## What to work on
Below are entries with pictures in them. Output exactly the lines starting at the line with "NORTHMEMES #FREEDUROV channel avatar" and ending at the line with "梦幻小镇物语 v1.0.0 安卓版", both included, but not the pictures.

## Exercise material
◆ ◆ ◆ ◆ ◆

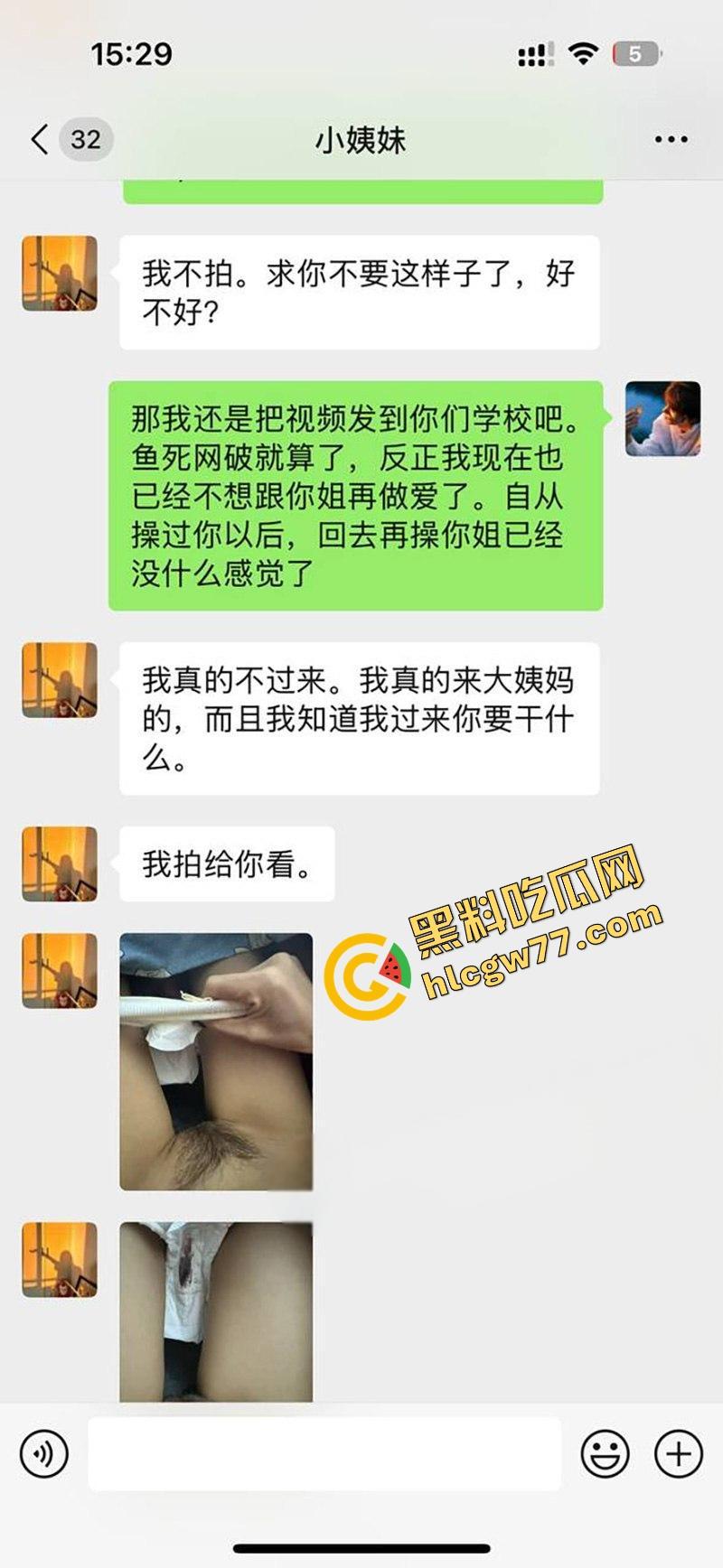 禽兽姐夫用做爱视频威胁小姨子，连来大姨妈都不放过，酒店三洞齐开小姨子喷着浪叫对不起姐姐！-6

◆ ◆ ◆ ◆ ◆

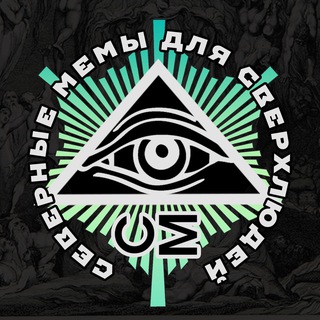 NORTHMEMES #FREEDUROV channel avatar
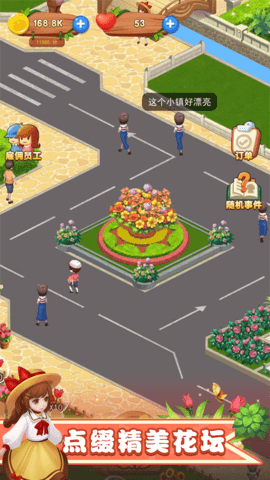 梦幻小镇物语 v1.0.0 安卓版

◆ ◆ ◆ ◆ ◆

## Task result
 NORTHMEMES #FREEDUROV channel avatar
 梦幻小镇物语 v1.0.0 安卓版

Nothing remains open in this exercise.